[erlang-questions] GNU GPL, MIT, BSD and compatibility

Richard Carlsson <>
Fri Apr 11 16:46:54 CEST 2008


David-Sarah Hopwood wrote:
> "A" is correct. But the GPL is a red herring here. I can take any
> MIT-licensed code and redistribute it with the additional license term
> "to use this code, you must give me your first-born child", for example [*]
> (enforcability aside). This is not a problem, primarily because someone
> can still use the code distributed under the original license, and not
> give me their first-born child. The fact that the original copyright
> holder(s) chose an MIT or BSD-like license entails that they accepted
> the possibility of redistribution under any more restrictive license.

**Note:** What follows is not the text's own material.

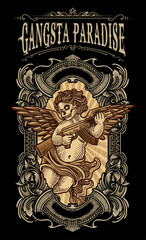 Cupid Angel Skull with Assault Rifle on Vintage Engraving Frame - Vector Design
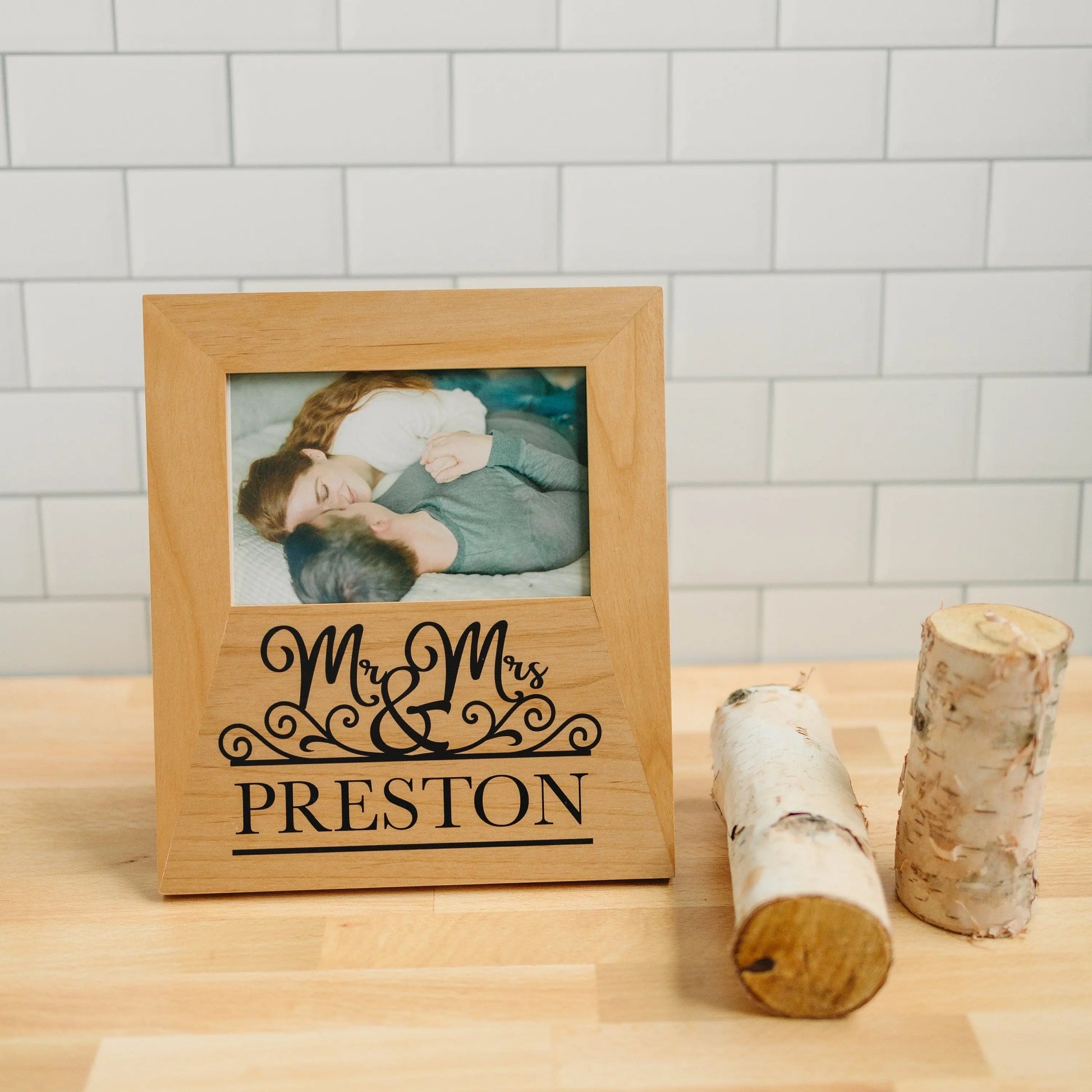 Mr & Mrs Personalized Wood Photo Frame - Mr Mrs Picture Frame - Christmas Gift for Couples - Personalized Wedding Gift - Anniversary Gift Joyful Moose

Yes, MIT was perhaps not the best example, but it seemed to be the
most uncomplicated. A better example (to our tormented readers) would be:
You are the copyright holder of product X, which you license under the MPL
(not GPL-compatible) and you don't (for some reason) want your code to slip
into GPL-land for love or money. But some way or another, you use a GPL:ed
library Y in your product, and ship it. Some third party browses your code,
sees your use of Y, and now demands that you release all of X (at least
the version that uses Y) under the GPL. If your refuse to do that (you do
have the right to do it if you want to), you would be violating the GPL.